Tuesday’s Teacher – Age One to Three…


I’m always harping on the stages of development, and that can be as dull as it comes. But more and more, I’m finding that children who are not living within the bounds of what nature has established are losing out on their lives, on being happy, on growing and developing the way it was meant to be.

That peculiar age: one to three is an especially difficult age for many parents to handle emotionally. Their beautiful baby is suddenly walking – toddling – and he or she is just not the same and no matter how much mom or dad cuddles, holds, and whispers baby nonsense into those sweet little ears. He’s a toddler, and he only wants to push away and run his little legs off!
At one, the child is not an infant anymore. He’s a toddler, and his life is changing, and so his care is changing too.
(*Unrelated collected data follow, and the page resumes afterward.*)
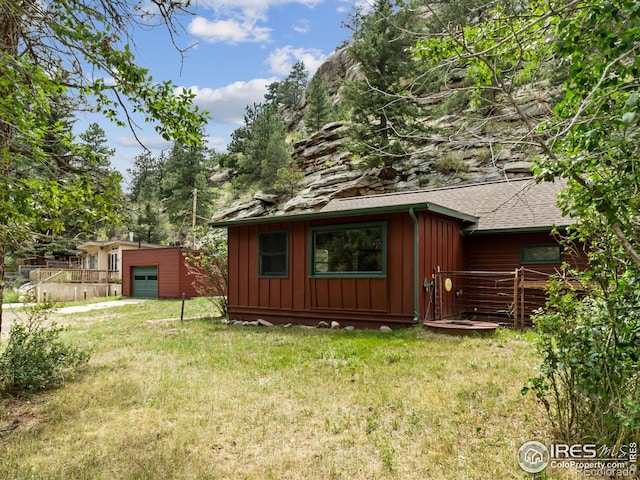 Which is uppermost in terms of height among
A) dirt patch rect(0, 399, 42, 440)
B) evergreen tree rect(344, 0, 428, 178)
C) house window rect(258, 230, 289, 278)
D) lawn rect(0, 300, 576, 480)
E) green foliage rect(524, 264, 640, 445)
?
evergreen tree rect(344, 0, 428, 178)

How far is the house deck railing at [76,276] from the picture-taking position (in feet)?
69.8

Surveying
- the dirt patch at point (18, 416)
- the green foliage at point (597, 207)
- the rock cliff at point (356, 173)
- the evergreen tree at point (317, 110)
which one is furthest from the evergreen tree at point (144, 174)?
the green foliage at point (597, 207)

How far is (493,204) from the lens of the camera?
11.1m

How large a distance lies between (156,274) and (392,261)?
16.8 metres

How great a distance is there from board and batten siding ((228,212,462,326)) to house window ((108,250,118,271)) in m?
19.1

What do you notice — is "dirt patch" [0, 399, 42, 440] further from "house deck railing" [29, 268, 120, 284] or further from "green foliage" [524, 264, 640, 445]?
"house deck railing" [29, 268, 120, 284]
There is so much for a child to learn between the ages of one and three, there is no room to allow infancy to continue. He has to learn what the word “no” REALLY means. He has to learn to eat at a table with a fork and out of a cup. He needs to learn to sleep in a big bed and perhaps give up his nap. He needs to learn to be quiet when it’s appropriate. He needs to learn language and communication skills. He needs to learn words so that he can communicate. He has to learn to wait, to stand in line nicely with his parent, to take his turn, clean up his toys, put his things away, put on his coat, shoes, and gloves. He needs to learn to climb, to run, when to climb and when to run. He needs to learn to come when he is called, to dress himself, to use the toilet, to comb his hair, to brush his teeth, and to say “thank you” and why he is saying “thank you.”
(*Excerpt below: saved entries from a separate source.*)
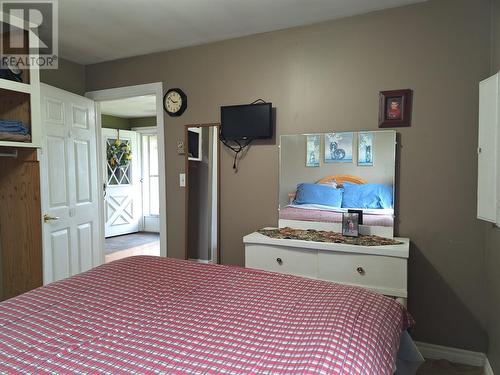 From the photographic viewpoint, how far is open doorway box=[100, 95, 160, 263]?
611 centimetres

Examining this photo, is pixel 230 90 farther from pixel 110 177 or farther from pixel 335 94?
pixel 110 177

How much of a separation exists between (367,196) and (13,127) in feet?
8.43

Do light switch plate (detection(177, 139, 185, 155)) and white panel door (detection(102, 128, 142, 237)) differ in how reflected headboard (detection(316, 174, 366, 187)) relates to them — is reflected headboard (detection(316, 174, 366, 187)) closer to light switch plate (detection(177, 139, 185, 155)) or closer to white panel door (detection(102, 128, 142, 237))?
light switch plate (detection(177, 139, 185, 155))

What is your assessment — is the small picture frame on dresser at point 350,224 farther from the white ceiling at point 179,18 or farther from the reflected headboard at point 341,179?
the white ceiling at point 179,18

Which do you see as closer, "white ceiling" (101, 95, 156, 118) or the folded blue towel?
the folded blue towel

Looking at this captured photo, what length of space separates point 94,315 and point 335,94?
7.12ft

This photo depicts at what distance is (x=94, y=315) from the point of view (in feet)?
3.96

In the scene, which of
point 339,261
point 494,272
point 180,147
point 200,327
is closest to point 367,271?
point 339,261

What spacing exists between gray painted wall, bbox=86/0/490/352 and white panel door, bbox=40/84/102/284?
1.62 m

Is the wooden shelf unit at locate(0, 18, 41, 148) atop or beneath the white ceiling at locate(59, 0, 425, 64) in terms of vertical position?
beneath

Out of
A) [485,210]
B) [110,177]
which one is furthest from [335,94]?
[110,177]

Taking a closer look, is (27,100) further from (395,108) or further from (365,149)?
(395,108)

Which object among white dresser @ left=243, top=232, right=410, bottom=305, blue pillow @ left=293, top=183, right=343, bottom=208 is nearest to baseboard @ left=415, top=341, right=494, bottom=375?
white dresser @ left=243, top=232, right=410, bottom=305

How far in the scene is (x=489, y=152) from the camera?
6.15 ft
It’s a lot; it’s a whole lot, and if we spend six months of his toddlerhood keeping him a baby, that only gives the toddler eighteen months to do everything a toddler needs to do to get to the next stage.
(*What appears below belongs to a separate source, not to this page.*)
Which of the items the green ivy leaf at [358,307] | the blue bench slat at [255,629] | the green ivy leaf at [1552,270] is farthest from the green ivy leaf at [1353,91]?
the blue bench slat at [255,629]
Parents who use the expression, “He’s just not ready” are usually meaning “I’m not ready” to let go of my infant. And who is that fair to?
Expectations for a child who is one to three, are not cruel and inhuman punishment. Expectations begin at one when the child is no longer an infant. The child will have those expectations put on him the rest of his life. These “expectations” establish a child as a functioning member of the community. Avoiding the expectations of life are not doing the child any favors. Letting a two or three year old child behave like a screaming, undisciplined, mess making, indulgent infant are not contributing to society, but detracting from it. And the fault is not the child’s but the parent’s.
But one does not get from expectation to accomplishment without an enormous amount of work on the side of the parent. It’s a daily struggle, a daily chore to repeat a thousand times, “NO” or have to push a little chair to the table, or clean up spills, or change soiled pants, or chase across the grass or down the hall. Teaching, re-teaching, repeating, redoing, undoing, and redoing for two years in a marathon race to the age of three. And thank God it’s only two years.
Beginning on time with discipline and training will do more for a child than letting him remain an infant because, “he’s not ready.”